VCF 9 Part 1 — Design Considerations: Instances, Fleets, Private Clouds, Fault Domains & DR

TL;DR
VCF 9 formalizes Private Cloud → Fleet → Instance → Domains and offers two resilience patterns: Fault Domains (Site-HA across zones) for metro continuity within a single instance, and Disaster Recovery (two instances across regions) orchestrated with VMware Live Site Recovery.

Why VCF 9 Feels Different
Key Concepts
Fleet Design Options

Why VCF 9 Feels Different

VCF 9 clarifies the relationship between Private Clouds, Fleets, and Instances. An Instance contains your Management Domain (SDDC Manager, vCenter, NSX) plus one or more Workload Domains. Fleet services (Operations/Automation) layer on top to unify lifecycle, governance, and provisioning across instances.

Key Concepts

VCF Instance

A complete, self-contained VCF deployment with its own Management Domain and zero or more Workload Domains. This is the unit you operate, upgrade, and (optionally) pair for DR.

Figure: VCF 9 Instance

VCF Fleet

The centralized management umbrella that groups one or more instances under VCF Operations (lifecycle/health/config) and VCF Automation (provisioning). It standardizes identity, certificates, password policy, tags, and licensing.

Figure: VCF Fleet

VCF Private Cloud

The top-level construct representing your whole environment—governance, catalogs, networking, and lifecycle—under which you organize Fleets, and inside each Fleet you manage Instances.

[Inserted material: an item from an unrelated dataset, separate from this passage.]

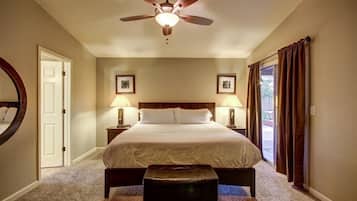 Room | 4 bedrooms, in-room safe, free WiFi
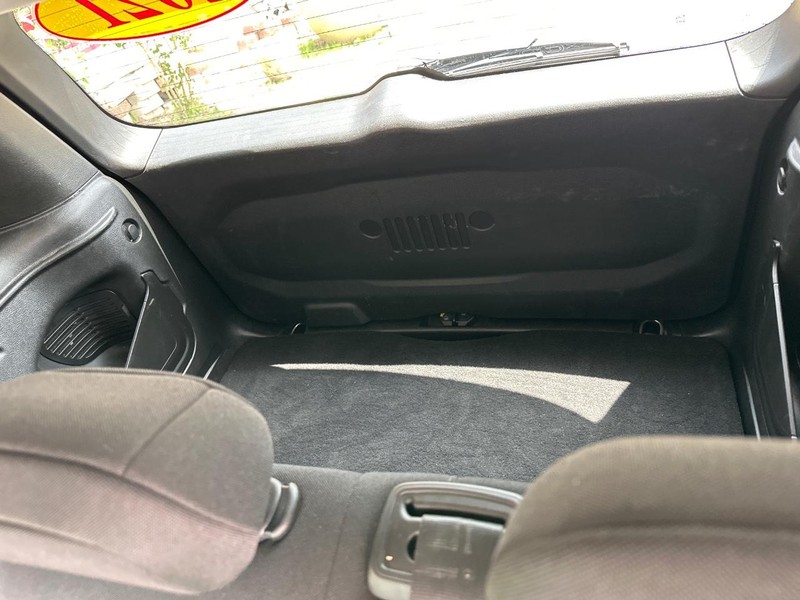Jeep Renegade Vehicle Image 10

Figure: VCF 9 Private Cloud

Fleet Design Options

There are a few ways you can configure your fleets depending on your needs.

Figure: VCF Fleet Design Summary

Basic Design

Straightforward deployment of Operations/Automation + SDDC Manager. No across-zone or cross-region resilience built in.

Figure: Example VCF Instance (Basic)

Deployment with Site High Availability (Fault Domains / Across Zones)

Goal: survive an AZ/site failure within a single instance using metro-distance, synchronous storage and IP portability.

Storage: vSAN stretched clusters (two data sites + witness) or vMSC with synchronous array replication.
Networking: L2 stretch or NSX/LB approaches for IP continuity.
Control planes: NSX Manager nodes across zones; VCF Operations/Automation in HA models; place vCenter/SDDC Manager for survivability.
Typical guardrails: ~≤5 ms RTT between data sites for vSAN; ~≤10 ms RTT host↔array for vMSC (vendor-specific).

Site HA Deployment
Figure: Site-HA across zones within one VCF instance

Deployment with Disaster Recovery (Across Regions)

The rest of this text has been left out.